Bruce and Joyce Johnson started boating together on Keystone Lake in 1990. It was the beginning of a nearly 25-year adventure on the water. Trucking the boat to Three Forks in Muskogee in 1992 opened their eyes to “unconfined” boating when they traveled the full length of the Arkansas River, out onto the Mississippi River, and down to Greenville, Mississippi. They were married on their boat in 1992. Joyce retired from teaching that fall, and Bruce semi-retired from his plating business that same year. The next time they trucked the boat to Three Forks, they didn’t stop until they hit New Orleans.

Their first extended trip was the “Small Loop”—from New Orleans across the Gulf to Mobile Bay, north on the Tombigbee to the Tennessee River and on to Knoxville, Tennessee. A backtrack down the Tennessee ended at “Land Between the Lakes,” where they picked up the Cumberland River and headed for Nashville. To return home, the rest of the loop included parts of the Ohio and Mississippi Rivers, then back to the Arkansas. They had seen a lot of beautiful country, but none prettier than the Arkansas. They spent the next two years traveling more than 8,000 miles on the Arkansas, researching the history, anchorages, and facilities on the river and produced the Arkansas River Cruise Guide. It was just in time for the 25th anniversary of the opening of the Arkansas River waterway.

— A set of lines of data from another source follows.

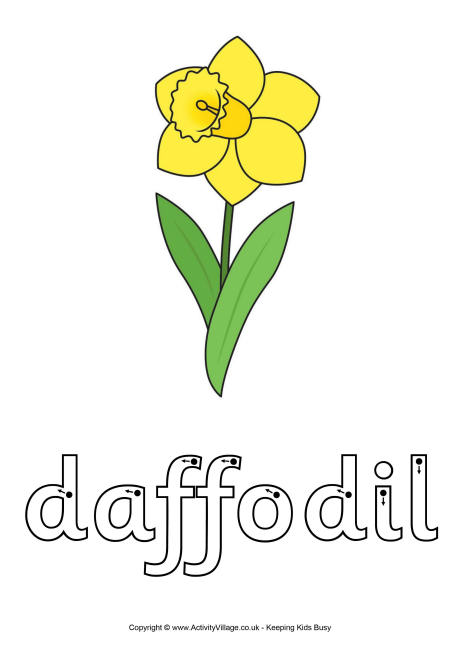 Daffodil finger tracing Daffodil finger tracing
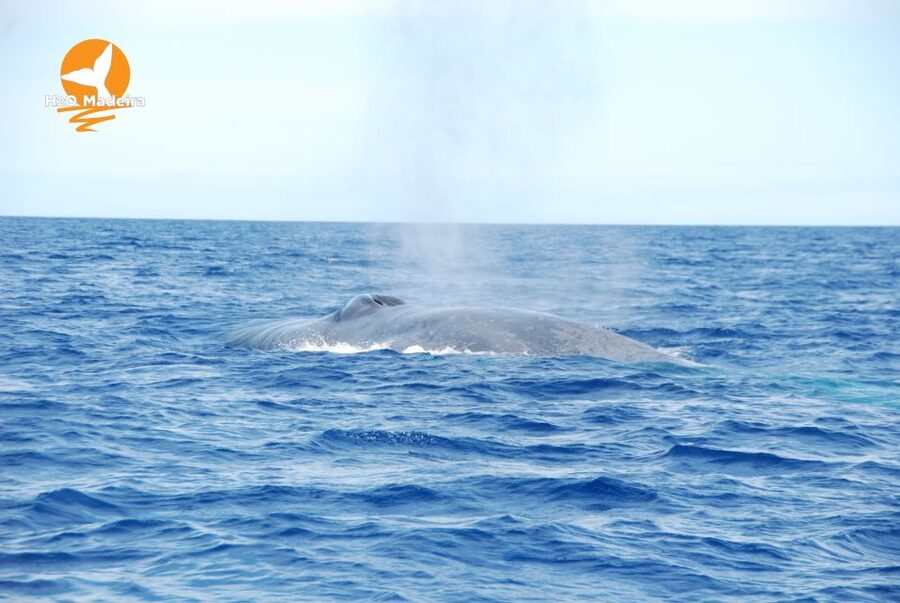 From Calheta: Whale and Dolphin Watching RIB Boat Tour - From Calheta Marina to Open Atlantic: How the RIB Hunt Works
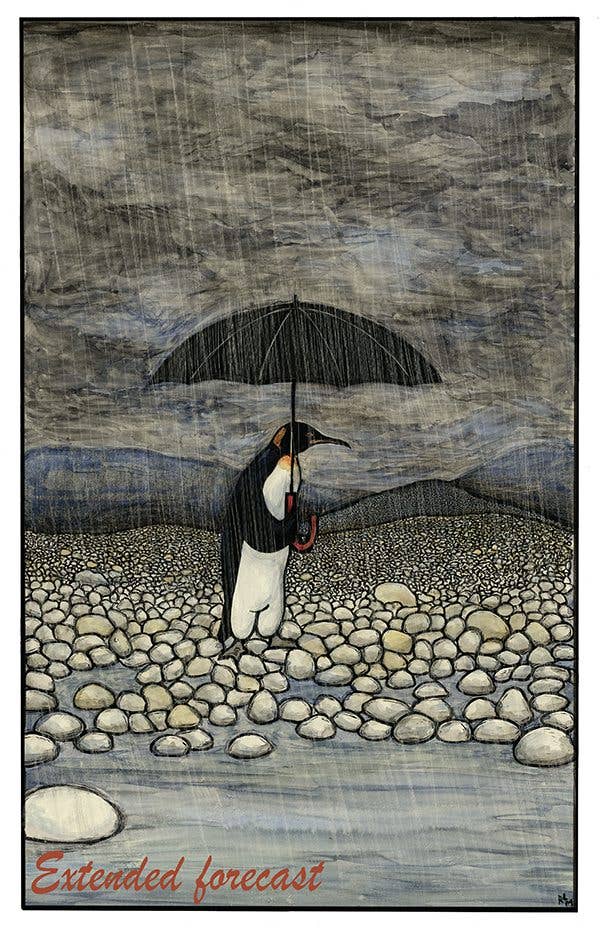 Ricardo Levins Morales Art Studio - Wholesale Stationery/Notecard Set - Conscious Critters Card Pack - Set of 128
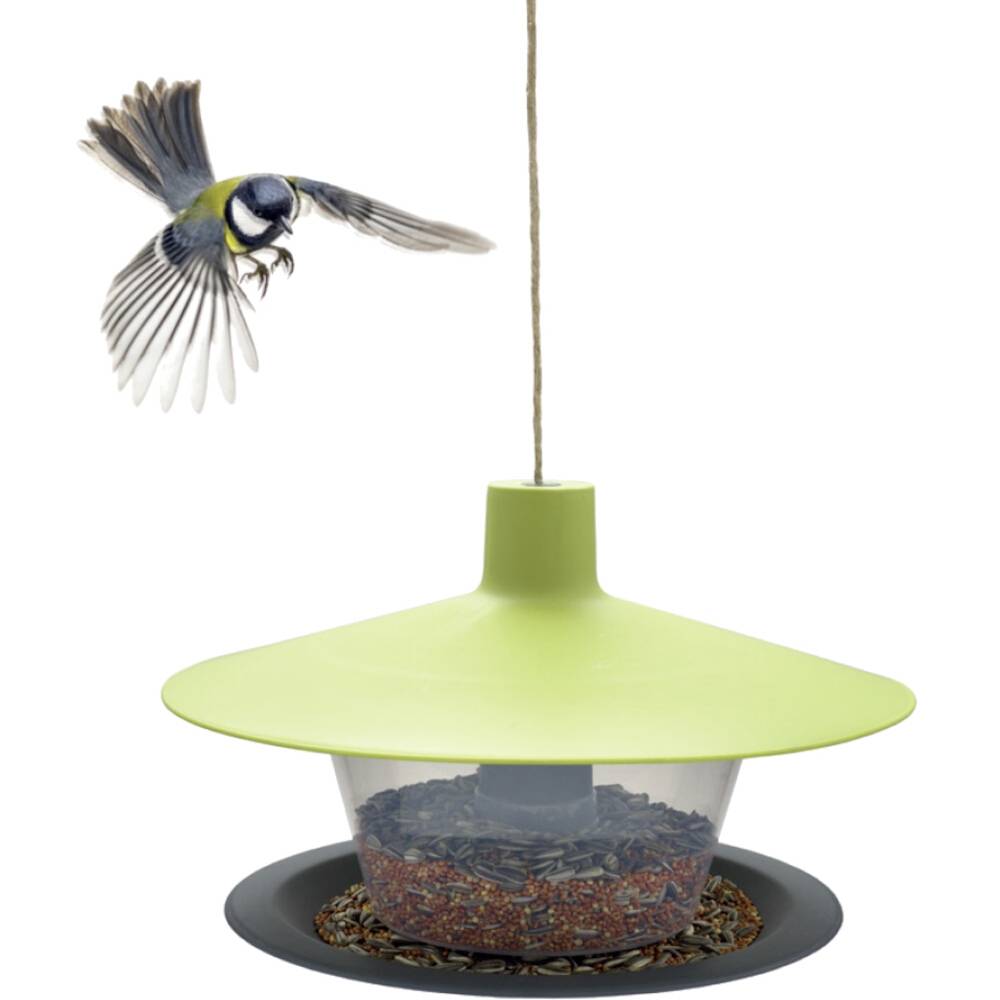 Ptica leti proti viseči zeleni krmilnici za ptice, ki je napolnjena z različnimi semeni.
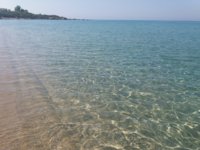 20180808_101644.jpg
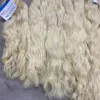 blonde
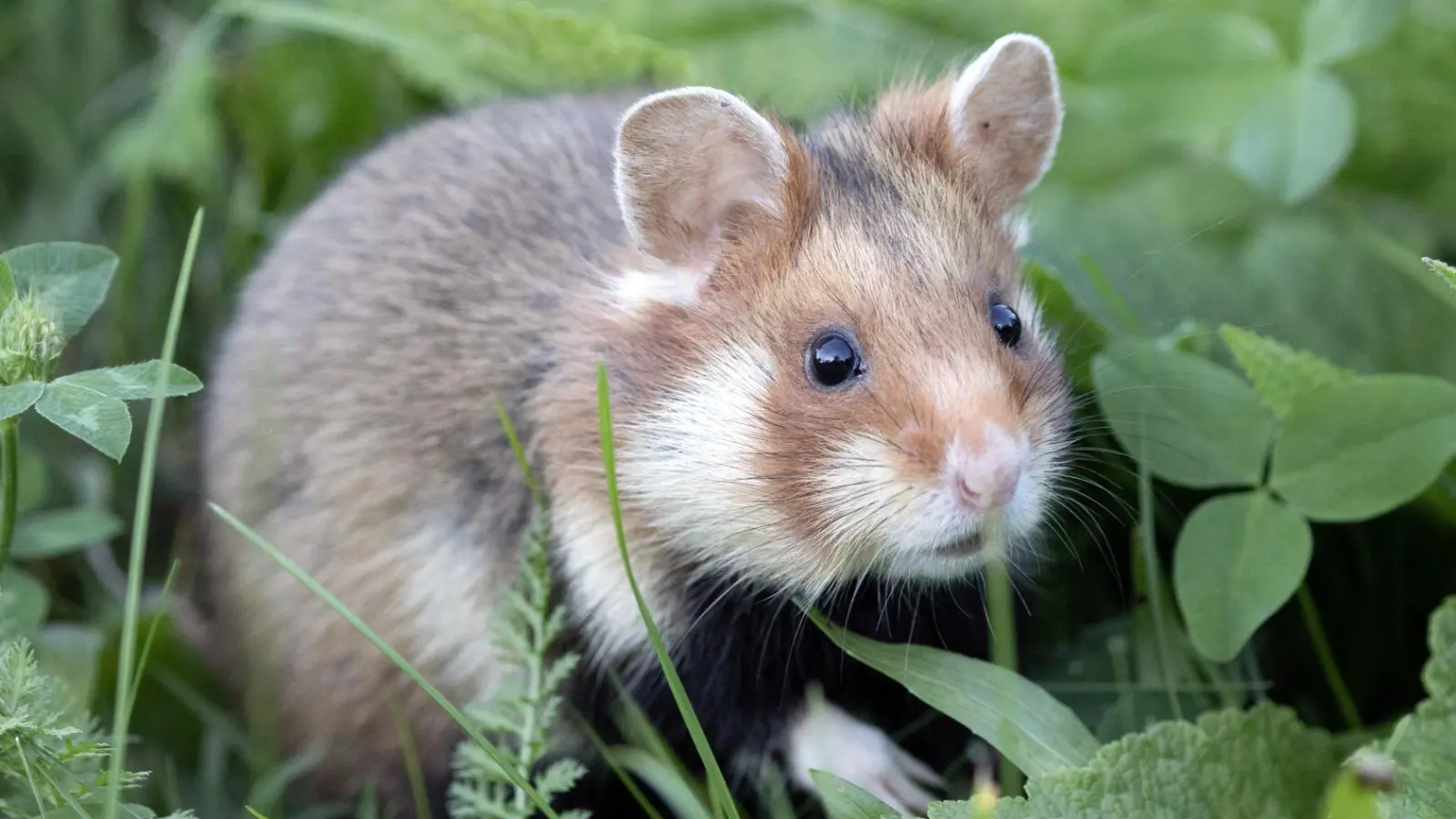 Ein Feldhamster in freier Wildbahn: Die Art dieser putzigen Tierchen ist vom Aussterben bedroht.  (Foto: Sonja Kreil)
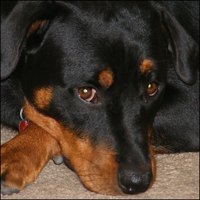 Prescription Medication Sedatives for Dogs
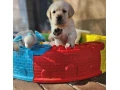 labrador-steniatka-s-pp-small-1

The fall of '97 found Bruce and Joyce in Fort Lauderdale, poised to make two trips in the following years to the Bahamas and a trip across the Gulf of Mexico. After that, they started traveling more by motor home until they finally decided to get out of boating for a while.

It didn’t last long. They bought a trawler in New York in 2008 and drove it nearly 1,000 miles on the intracoastal from Norfolk, Virginia, to Jacksonville, Florida, and then up the St. John's River to Sanford. Two years later, the boat was renovated and ready to travel in earnest. They went back to Norfolk and began a three-year exploration of Chesapeake Bay and the rivers that flow into it, going as far east as Delaware Bay and Cape May, New Jersey. This year, they once again decided to travel more extensively in the motor home and sold the boat.

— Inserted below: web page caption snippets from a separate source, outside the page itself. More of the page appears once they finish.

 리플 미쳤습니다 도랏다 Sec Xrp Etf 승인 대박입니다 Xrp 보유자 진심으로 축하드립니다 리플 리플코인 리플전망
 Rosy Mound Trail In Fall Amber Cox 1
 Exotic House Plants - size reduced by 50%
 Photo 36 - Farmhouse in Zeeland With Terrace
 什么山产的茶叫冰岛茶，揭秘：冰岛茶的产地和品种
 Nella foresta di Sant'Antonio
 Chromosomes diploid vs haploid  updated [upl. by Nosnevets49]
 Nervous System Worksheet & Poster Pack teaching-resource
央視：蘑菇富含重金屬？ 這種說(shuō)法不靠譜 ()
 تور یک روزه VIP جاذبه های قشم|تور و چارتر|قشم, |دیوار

Bruce and Joyce believe that traveling more than 29,000 miles by water has provided them with a totally unique perspective. Nowhere else could you see the Delta Queen rounding a bend and coming straight toward you, go through 17 locks on the Arkansas, travel alongside a tow pushing 42 barges, experience the Industrial Canal in New Orleans, dock in downtown Nashville, or see Jamestown on the James River, Yorktown on the York River, and Washington, DC, on the Potomac the way the colonists first saw them—by water.

It’s been a once-in-a-lifetime adventure.